## Work to complete
Whatever comes before the line containing "11366 Lake Loy" stays out; transcribe that line and all that follow to the end of the records exactly, with no pictures.

## Supplied material
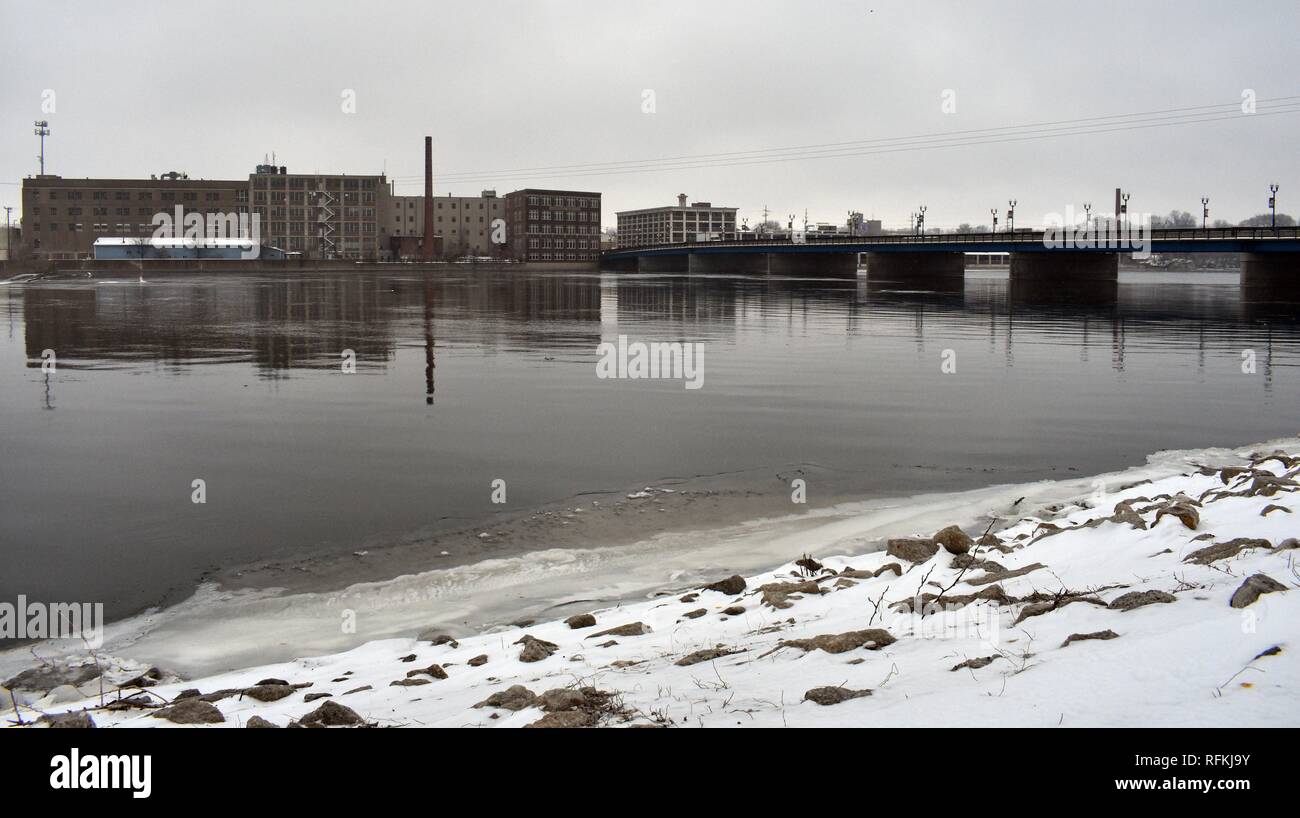 Fabrik entlang des Rock River aufgegeben Stockfoto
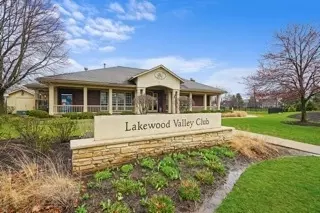 2428 Smithfield Ct, Aurora, IL 60503 photo 3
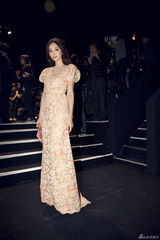 组图：吴佩慈巴黎获殊荣 东方公主造型美艳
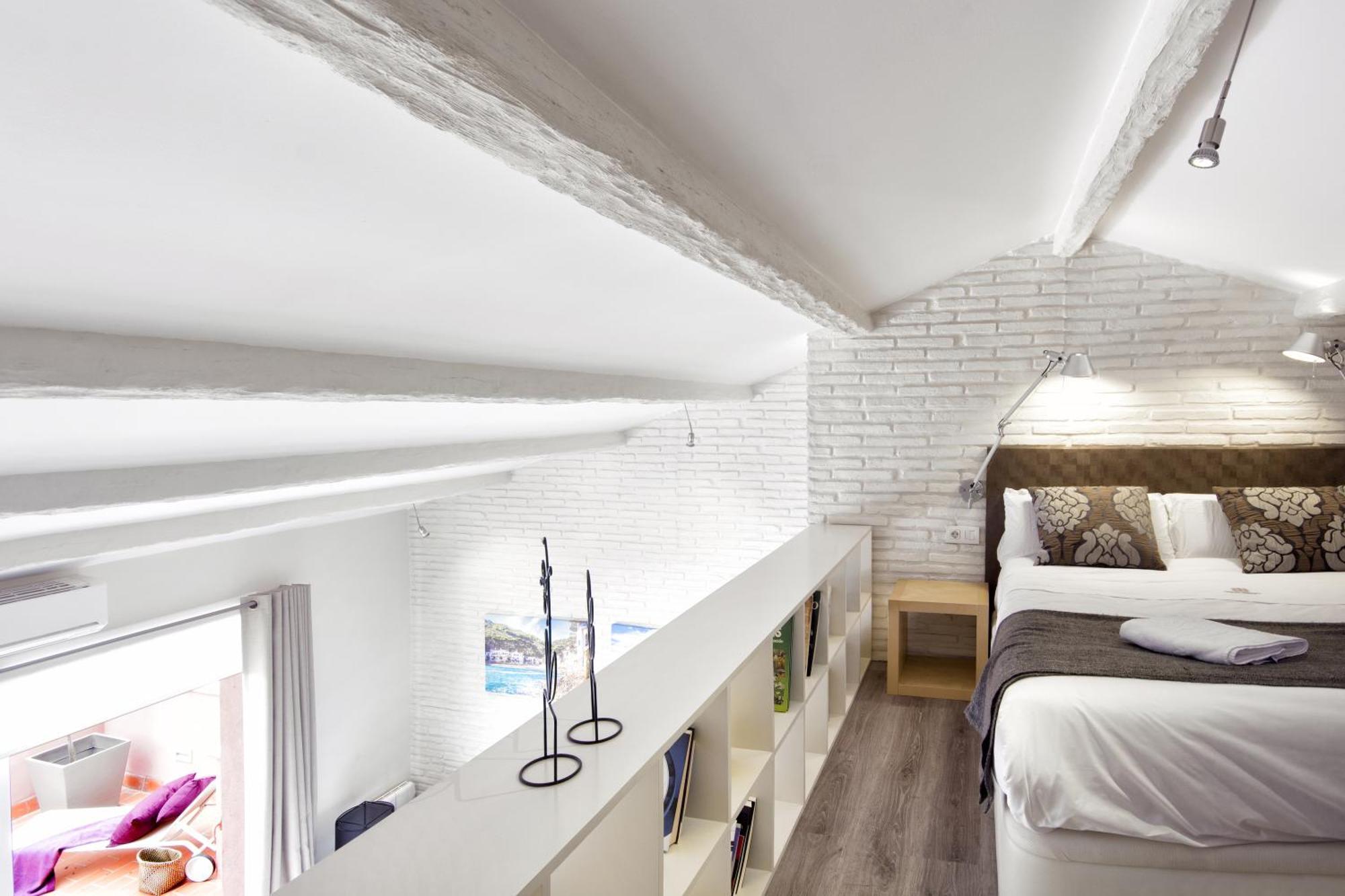 Three-Bedroom Apartment Terrace,1588162816:JPEG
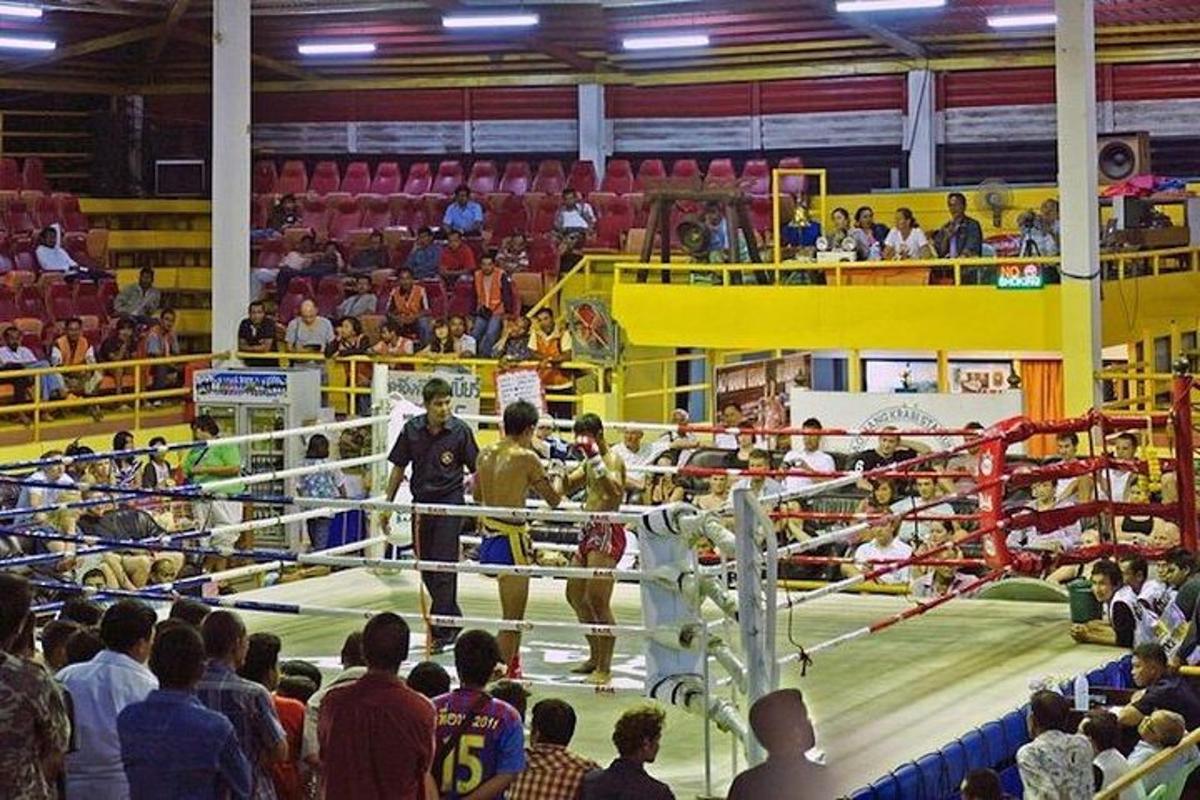dav lidí sledujících boxerský zápas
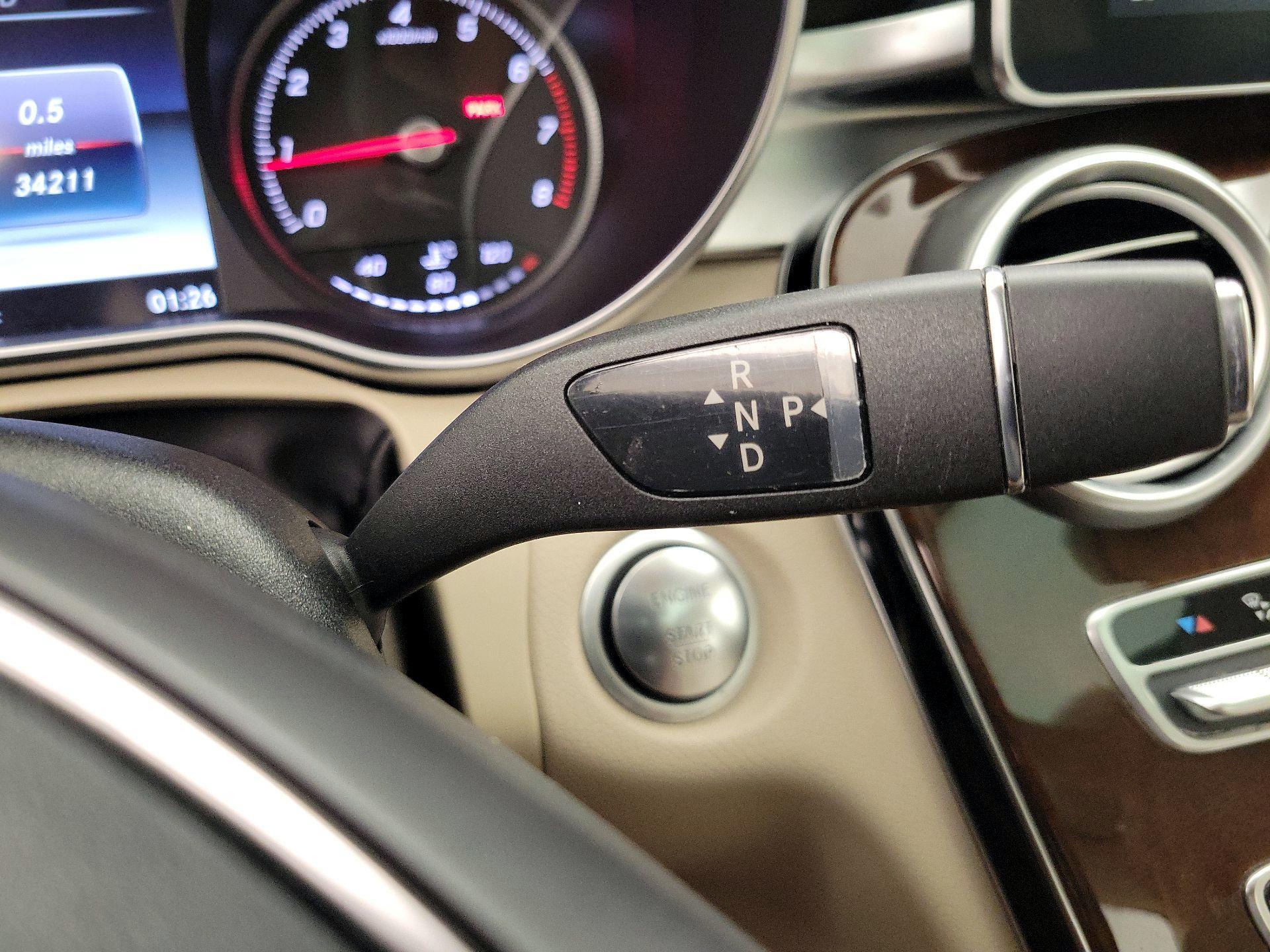 Thumbnail: 2016 Mercedes-Benz C-Class - 18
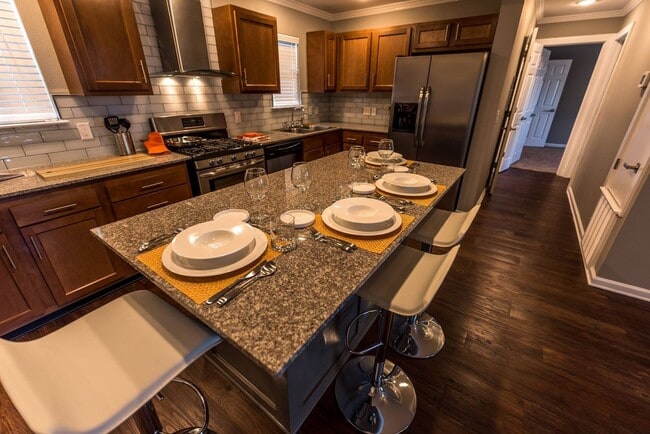 Axiom Apartments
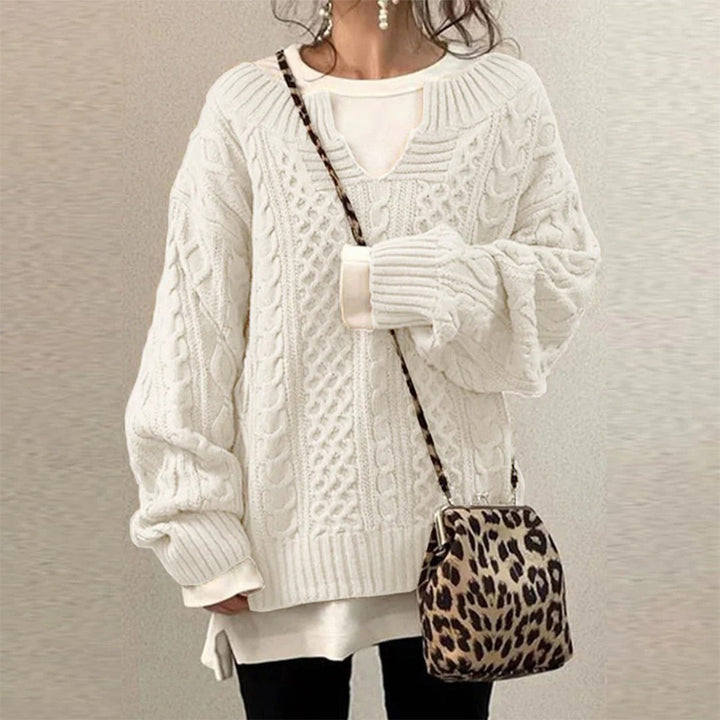 Hvid oversized strikbluse til damer med v hals og snoninger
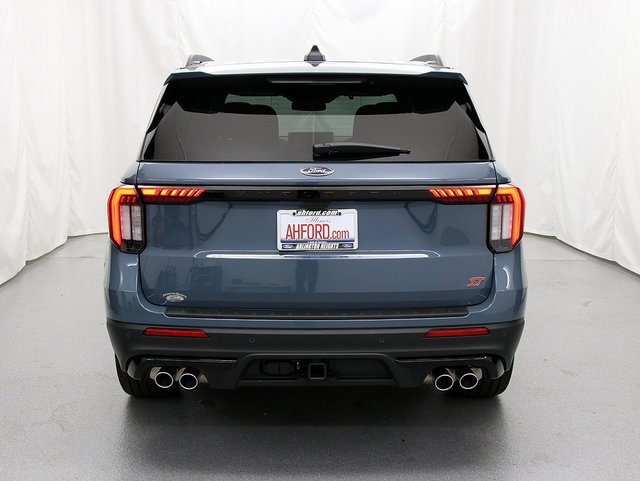 New 2026 Ford Explorer ST image 6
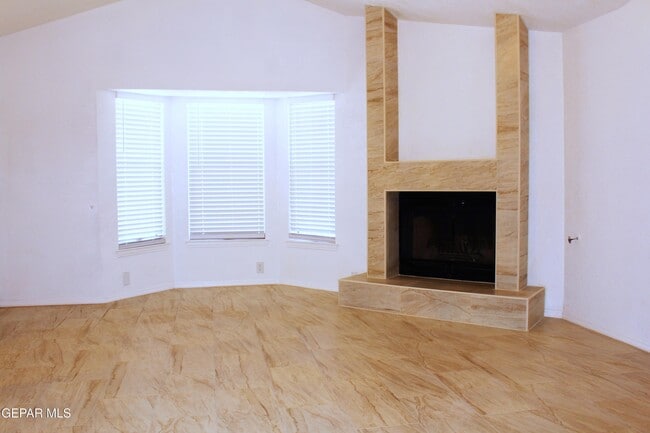 11366 Lake Loy Dr in El Paso, TX - Building Photo - Building Photo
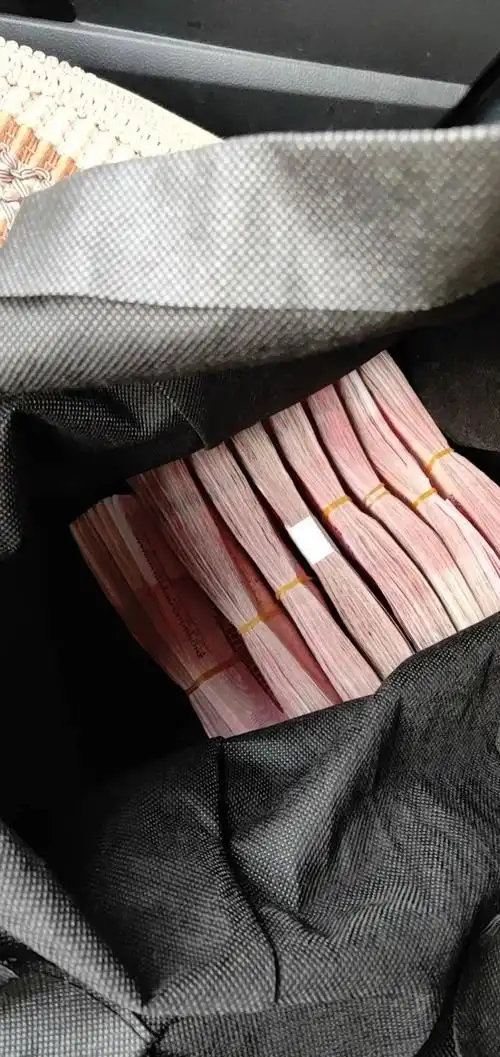 暖心柳州一乘客将8万元现金落在车上滴滴司机特意停工原地等候失主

## Expected output
 11366 Lake Loy Dr in El Paso, TX - Building Photo - Building Photo
 暖心柳州一乘客将8万元现金落在车上滴滴司机特意停工原地等候失主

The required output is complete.